How to Safeguard Your Prescription and Over The Counter (OTC) Drugs
Safeguarding your prescription and OTC (over-the-counter) drugs involves the proper use, storage, and disposal of any type of medication.
In our society today more and more addictive narcotics are being prescribed and used than at any time in our history. That being said, always be sure to ask your doctor to explain how a drug affects you or a family member and what the long and short term side effects are. Do this for all drugs that are prescribed and answer these questions:
1. What is the class of the drug? Is this drug an opiate? Many people are not aware that OxyContin, OxyCodone, Perqoset and Vicodin are opiates and are highly addictive. Make sure your doctor explains this in detail and make a decision on taking such a prescription based on this.
2. Are there any Non Narcotic alternatives for the prescribed drug that is an opiate or narcotic? Try and find one that may have less side effects and be better for you or your family members.
3. How long should the drug be taken for, and how often should the drug be taken? Only take prescription drugs as written by your doctor. Plus, only take medications that are prescribed to YOU!
Remember you should NEVER share prescription drugs with anyone. Even if it’s the same type and dose.
4. Explore information on the drug you are going to take and the risk factors associated with that drug before you make a decision for the use of any medicine. All pharmacies include information packets on that medication. If you are unsure ask your pharmacists or your doctor.
Keep your prescription and OTC drugs in a safe location, away from the obvious places that we keep everyday items in and out of plain site. This vital responsibility and conscious effort must be enforced. Drugs that are strong narcotics and/or fall into the opiate category should be locked up in a cabinet, lock box or a strong box. A lock box should be monitored to ensure no one has access to it. You do not want these available to your children, or their friends. An opiate pill sells for $ 20 to $60 on the street. This is how the addiction epidemic enters your backyard. Daily medication should be dispensed for daily use, monitored and taken responsibly.
Proper disposal of prescription drugs starts with knowing when and how to dispose of them. All prescription medications should be taken and finished as written by your doctor. If you have finished the use of any drug, OTC or prescribed, then be sure there are no renewals on the bottle before disposing of it.
ONLY THROW OUT BOTTLES IF THEY ARE EMPTY & THERE IS A ZERO REFILL ON THE PRESCRIPTION LABEL.

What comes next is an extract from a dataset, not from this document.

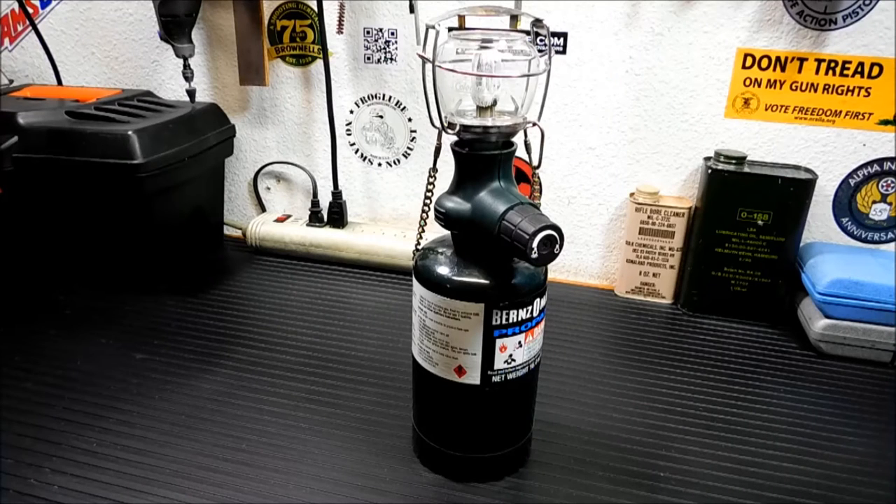So it's the Coleman Compact Perfect Flow Lantern. I've had this lantern for about six years. I've used it through several power outages, mostly outside on our little screened-in area in the back, but sometimes in the house — we have a very large ventilated area where we can open the doors and get cross ventilation. It's never really been a problem. It's a very small lantern, so the ventilation has never been an issue.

If any type of medication is left over, expired or never used, there is no reason to keep them. Proper disposal does not mean throwing them in the garbage. Addicts are known to go through trash to find what they can. Do not flush them down the toilet! This can and will poison the water supply. Unused or expired medications need to be disposed of at local drop locations. These boxes are monitored by the Drug Enforcement Agency (DEA) and the National Association for Drug Diversion Investigators (NADDI) There are also take back days nationally. This was first enforced in the state of New Jersey. There are allocated drop off facilities in your community. A great way to start is to call your local police department. They will be happy in assisting you where to dispose old prescription drugs.